-- Exercise requirements --
Your answer must be the records below, reproduced exactly.
Material for this exercise section start
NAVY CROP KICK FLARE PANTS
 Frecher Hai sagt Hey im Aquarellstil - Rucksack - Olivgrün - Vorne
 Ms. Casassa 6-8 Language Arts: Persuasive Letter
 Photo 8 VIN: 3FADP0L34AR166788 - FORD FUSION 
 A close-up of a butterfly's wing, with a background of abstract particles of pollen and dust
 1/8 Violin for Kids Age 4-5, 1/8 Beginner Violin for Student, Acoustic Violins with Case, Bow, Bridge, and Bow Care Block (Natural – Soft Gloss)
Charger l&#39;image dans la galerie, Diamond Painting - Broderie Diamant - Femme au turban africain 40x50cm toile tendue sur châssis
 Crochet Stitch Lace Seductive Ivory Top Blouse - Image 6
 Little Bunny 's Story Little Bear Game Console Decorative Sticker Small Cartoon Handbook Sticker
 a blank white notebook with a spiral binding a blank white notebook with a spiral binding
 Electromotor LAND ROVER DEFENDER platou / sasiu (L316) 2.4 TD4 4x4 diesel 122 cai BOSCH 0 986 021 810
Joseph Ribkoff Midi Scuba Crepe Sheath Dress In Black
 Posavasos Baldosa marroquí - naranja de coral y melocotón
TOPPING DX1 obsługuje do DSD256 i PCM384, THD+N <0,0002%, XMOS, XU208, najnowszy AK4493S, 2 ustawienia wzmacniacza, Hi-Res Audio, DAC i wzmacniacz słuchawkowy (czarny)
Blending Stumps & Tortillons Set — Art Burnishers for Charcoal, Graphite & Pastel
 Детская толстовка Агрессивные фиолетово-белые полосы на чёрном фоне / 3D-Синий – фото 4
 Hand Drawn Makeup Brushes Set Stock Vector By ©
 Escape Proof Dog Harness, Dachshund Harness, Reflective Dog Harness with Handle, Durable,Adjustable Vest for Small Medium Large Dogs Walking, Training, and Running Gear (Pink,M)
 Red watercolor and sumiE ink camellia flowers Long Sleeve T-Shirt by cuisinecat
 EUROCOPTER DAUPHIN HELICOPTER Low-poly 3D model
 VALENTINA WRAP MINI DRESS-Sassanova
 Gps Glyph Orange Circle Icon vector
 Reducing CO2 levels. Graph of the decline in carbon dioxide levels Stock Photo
Material for this exercise section end
-- Result for this exercise --
NAVY CROP KICK FLARE PANTS
 Frecher Hai sagt Hey im Aquarellstil - Rucksack - Olivgrün - Vorne
 Ms. Casassa 6-8 Language Arts: Persuasive Letter
 Photo 8 VIN: 3FADP0L34AR166788 - FORD FUSION 
 A close-up of a butterfly's wing, with a background of abstract particles of pollen and dust
 1/8 Violin for Kids Age 4-5, 1/8 Beginner Violin for Student, Acoustic Violins with Case, Bow, Bridge, and Bow Care Block (Natural – Soft Gloss)
Charger l&#39;image dans la galerie, Diamond Painting - Broderie Diamant - Femme au turban africain 40x50cm toile tendue sur châssis
 Crochet Stitch Lace Seductive Ivory Top Blouse - Image 6
 Little Bunny 's Story Little Bear Game Console Decorative Sticker Small Cartoon Handbook Sticker
 a blank white notebook with a spiral binding a blank white notebook with a spiral binding
 Electromotor LAND ROVER DEFENDER platou / sasiu (L316) 2.4 TD4 4x4 diesel 122 cai BOSCH 0 986 021 810
Joseph Ribkoff Midi Scuba Crepe Sheath Dress In Black
 Posavasos Baldosa marroquí - naranja de coral y melocotón
TOPPING DX1 obsługuje do DSD256 i PCM384, THD+N <0,0002%, XMOS, XU208, najnowszy AK4493S, 2 ustawienia wzmacniacza, Hi-Res Audio, DAC i wzmacniacz słuchawkowy (czarny)
Blending Stumps & Tortillons Set — Art Burnishers for Charcoal, Graphite & Pastel
 Детская толстовка Агрессивные фиолетово-белые полосы на чёрном фоне / 3D-Синий – фото 4
 Hand Drawn Makeup Brushes Set Stock Vector By ©
 Escape Proof Dog Harness, Dachshund Harness, Reflective Dog Harness with Handle, Durable,Adjustable Vest for Small Medium Large Dogs Walking, Training, and Running Gear (Pink,M)
 Red watercolor and sumiE ink camellia flowers Long Sleeve T-Shirt by cuisinecat
 EUROCOPTER DAUPHIN HELICOPTER Low-poly 3D model
 VALENTINA WRAP MINI DRESS-Sassanova
 Gps Glyph Orange Circle Icon vector
 Reducing CO2 levels. Graph of the decline in carbon dioxide levels Stock Photo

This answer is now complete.